Any ideas would be welcome. image
With the help of Mathematica, I was able to confirm your suspicion.
Let the ellipse be parameterized by $(a \cos\theta, b \sin\theta)$, and let $A$ and $B$ be points corresponding to $\theta = 2\alpha$ and $\theta = 2\beta$. After some symbol-crunching, we find that the orthocenter $(x,y)$ satisfies $$\begin{align} ax &= \left(\; a^2\sin^2(\alpha+\beta) + b^2 \cos^2(\alpha + \beta) \;\right)\cos\theta \\[4pt] &+\left(a^2-b^2\right)\cos(\alpha+\beta)\sin(\alpha+\beta) \sin\theta \\[4pt] &+\left(a^2 + b^2\right) \cos(\alpha-\beta)\cos(\alpha+\beta) \\[18pt] -by&=\left(a^2 - b^2\right) \cos(\alpha+\beta) \sin(\alpha+\beta) \cos\theta \\[4pt] &- \left(\; a^2 \sin^2(\alpha+\beta)+ b^2 \cos^2(\alpha + \beta) \;\right)\sin\theta \\[4pt] &- \left(a^2 + b^2\right) \cos(\alpha-\beta) \sin(\alpha+\beta) \end{align} \tag{1}$$
Solving system $(1)$ for $\cos\theta$ and $\sin\theta$, substituting into $\cos^2\theta+\sin^2\theta=1$, and simplifying, we obtain the equation of a new ellipse: $$\begin{align} &\phantom{+\;\;}a^2 \left(x - \frac{a^2 + b^2}{a} \cos(\alpha-\beta) \cos(\alpha+\beta)\right)^2 \\[4pt] &+b^2 \left(y - \frac{a^2 + b^2}{b} \cos(\alpha-\beta) \sin(\alpha+\beta)\right)^2 \\[4pt] &=a^4 \sin^2(\alpha+\beta) + b^4 \cos^2(\alpha+\beta) \end{align} \tag{$\star$}$$
Since the horizontal and vertical radii are proportional to $1/a$ and $1/b$, we see that this ellipse's major and minor axes are perpendicular to the original's axes, respectively.

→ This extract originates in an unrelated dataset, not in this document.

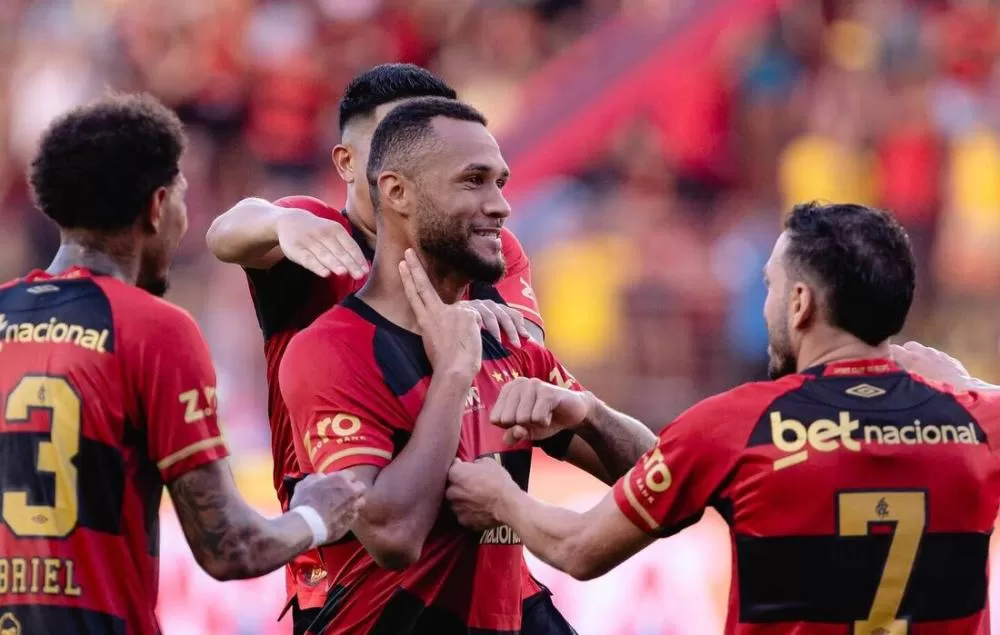 Com gol no fim, Sport vence Santa Cruz e se garante na semifinal do Pernambucano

Moreover, for $a\geq b$, the eccentricity is $\sqrt{a^2-b^2}/a$, which matches that of the original ellipse.
More generally, we can take a conic of eccentricity $e$, parameterized by $$\frac{p}{1+e \cos\theta}\left(\cos\theta,\sin\theta\right) $$ whose focus is at the origin and whose major/transverse axis coincides with the $x$-axis. Taking $A$ and $B$ to correspond to $\theta=\alpha$ and $\theta = \beta$, we can perform the same kind of analysis as above to obtain a comparable conic: $$\begin{align} &\phantom{+\;\;} x^2 \phantom{\left( 1 - e^2 \right) }( 1 + e \cos\alpha ) ( 1 + e \cos\beta ) \\ &+ y^2 \left( 1 - e^2 \right) ( 1 + e \cos\alpha ) ( 1 + e \cos\beta ) \\ &- x p \left( \left( 2 + e^2 \right) \left( \cos\alpha + \cos\beta \right) + 2 e \left(1 + 2 \cos\alpha \cos\beta \right) \right) \\ &- y p \left( 2 - e^2 \right) ( \sin\alpha + \sin\beta + e \sin(\alpha+\beta) ) \\ = &- p^2 \left( 1 + 2\cos(\alpha-\beta) + e (\cos\alpha + \cos\beta ) - e^2 \sin\alpha \sin\beta \right) \end{align}$$
For $e=1$, the original conic is a parabola; we see that the new conic is, too, since its $y^2$ term vanishes. Otherwise, the horizontal and vertical radii of the new conic are proportional to $1$ and $1/|1-e^2|$, respectively, and we deduce that the new eccentricity is also $e$. In all cases, we see that the new conic is rotated $90^\circ$ with respect to the original.